Hot May payrolls erase $1.3T from chip stocks, end Wall Street's nine-week rally

4 min read Multiple sources

The U.S. economy added 172,000 jobs in May, more than double the 80,000 economists had penciled in, and Wall Street took it as bad news. The Nasdaq Composite fell 4.18% on Friday to 25,709, its worst session since the April 2025 tariff rout. The Philadelphia Semiconductor Index dropped 8.71%, the deepest one-day decline since March 2020, and erased an estimated $1.3 trillion in chip-sector market value.

Kevin Warsh raises his right hand as Justice Clarence Thomas administers the oath of office in the White House East Room while President Trump looks on.
Source: CBS News

The dam broke

A strong payrolls print would normally lift stocks. Friday's reaction was the opposite because every leg of the bull case rested on rate cuts coming soon. The S&P 500 lost 2.64% to 7,383.74; the Dow gave back 1.35% to 50,866.78, the day after closing at a record. The 10-year Treasury yield jumped to 4.53%, and the 30-year crossed 5%. Higher yields compress the present value of the future profits investors had been pricing into AI infrastructure stocks, which is why semiconductors took the brunt.

"After the record run we've seen the last nine weeks in equities, specifically tech and semiconductors, the dam just broke today," Ryan Detrick of Carson Group told Reuters. Wells Fargo's Ohsung Kwon argued the proximate cause was technical rather than fundamental: "The semiconductor sector was way overbought."

Inside the chip complex, the damage clustered around AI-exposed names. Marvell fell 17%. Micron lost 13%. Intel and AMD each shed about 11%. Nvidia dropped 6.2%, wiping roughly $300 billion off its market cap in a single session. The selloff actually began Thursday, when Broadcom guided fiscal third-quarter AI chip revenue to $16 billion against a Street consensus near $17.2 billion. CEO Hock Tan said full-year AI chip sales would land around $56 billion — a hold rather than a raise. The stock fell 12.6% on the guide and another 7% on Friday.

Headshot portrait of Broadcom president and CEO Hock Tan.
Source: Wikimedia Commons

Why it matters

Two weeks ago, the rates market priced essentially zero chance of a Fed hike this year. By Friday's close, traders were giving December odds of about 43%, according to Yahoo Finance's read of the CME FedWatch tool. That is a violent repricing for long-duration tech, whose valuations depend on cheap money.
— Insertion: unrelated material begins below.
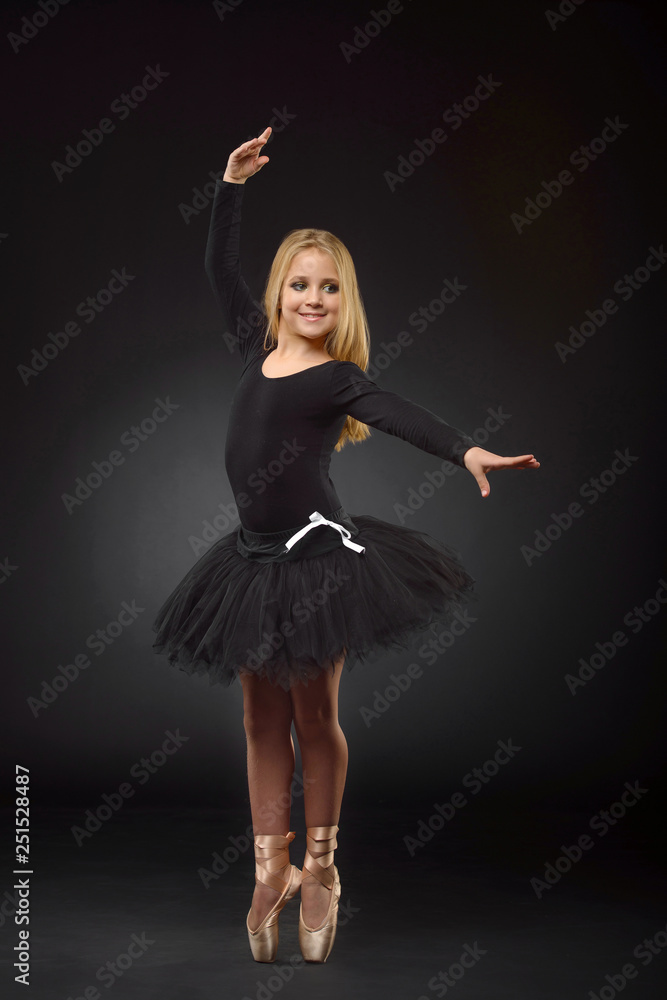 Cute little ballerina with long hair in a black tutu and pointe posing on a black background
It also lands at an awkward moment for the Fed. Kevin Warsh was sworn in as chair on May 22, replacing Jerome Powell, and the June 16–17 FOMC meeting will be his first. Polymarket has the meeting itself pricing 97.8% odds of a hold, so the market is not betting against Warsh out of the gate. But the year-end pricing implies the new chair could open his tenure by signaling a hawkish bias even as the White House publicly demands cuts.

For the AI trade specifically, Friday raised an uncomfortable question. If the bull case requires both 8% earnings growth per quarter from the hyperscalers and a Fed that is cutting into the buildout, what happens when the second leg disappears? Broadcom's flat guide was the first concrete crack on the demand side. The payrolls print took the macro cover away on the same week.

What to watch

The May CPI release on June 11 lands five days before Warsh's first meeting. A core print above 3.0% would harden the hawkish read of payrolls; anything softer gives the new chair room to keep his options open. Watch the SOX index for a snap-back rally — if dip buyers don't show up by midweek, Friday's $1.3 trillion was a regime change, not a flush.